The second document, released on August 17, calls for much tighter control of religious affairs by Communist Party officials. A detailed investigation was ordered into the growth of religion and religious organizations in every part of the country.
In typical Chinese style, the document lists “Four Don’ts” and “Five Prohibitions” which from now on would govern religious affairs.
The Four Don’ts basically rule out the establishment of any form of relationship with a foreign religious organization.
The Five Prohibitions spell this out in greater detail. Chinese religious organizations are prohibited from establishing any “subordinate relationship” with overseas religious bodies. They are also banned from using propagation of religion to carry out social activities “of a political nature” and from undertaking any religious activities which are contrary to the Chinese constitution.
Religious organizations are also prohibited from making converts or setting up religious organizations among Party, government or judicial organs.
This second document reveals the extent to which religion, particularly Christianity, has grown in recent years. It states that “hostile religious forces” have infiltrated the government at many levels. The government is particularly concerned about religion becoming a powerful rallying force for unemployed workers who are a growing segment of the Chinese population.
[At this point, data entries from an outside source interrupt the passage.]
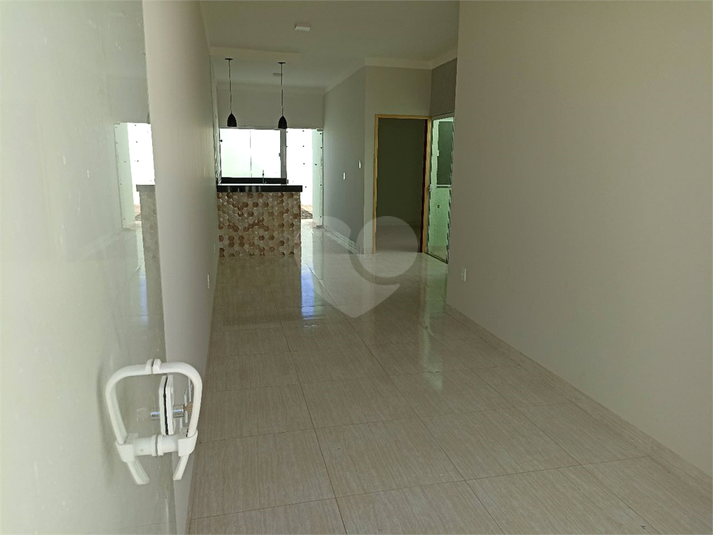 Venda Casa Uberlândia Jardim Ipanema REO781336 5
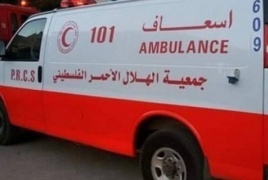 سقوط ضحية جديدة جراء شجار في بيت أمر خلال شهرين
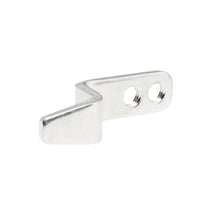 Load image into Gallery viewer, 2.5" Compression latch short-high cam
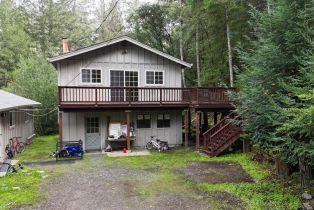 Single Family Residence,  Dry Creek road, Napa, CA 94558 - 87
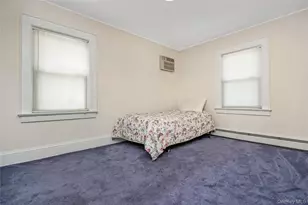 69 Vernon Ave, Rockville Centre, NY 11570 - Photo 23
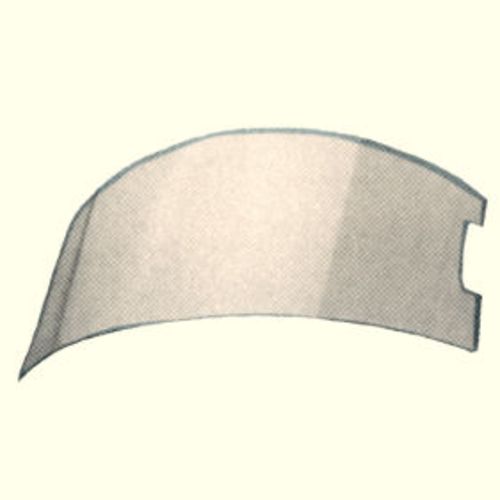 FACESHIELD,REPLACMENT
The blunt statement that religion is still an “important component part in the overall strategy of the West against China” proves that stereotypical Maoist images of Christianity are still very much alive in Beijing’s ruling circles.
Alarmingly, this second document calls for a specific crackdown on the “rampant” growth of religious believers in 10 provinces: Guangdong, Shanghai, Jiangsu, Beijing, Fujian, Zhejiang, Hunan, Hebei, Henan and Chongqing.
Meanwhile, a third policy document released on August 22 prohibits all religious activities in institutions of higher learning. No religious rites or buildings will be allowed on university campuses, and any teaching staff or students who belong to the Communist Party but attend religious meetings will be forced to resign from the Party.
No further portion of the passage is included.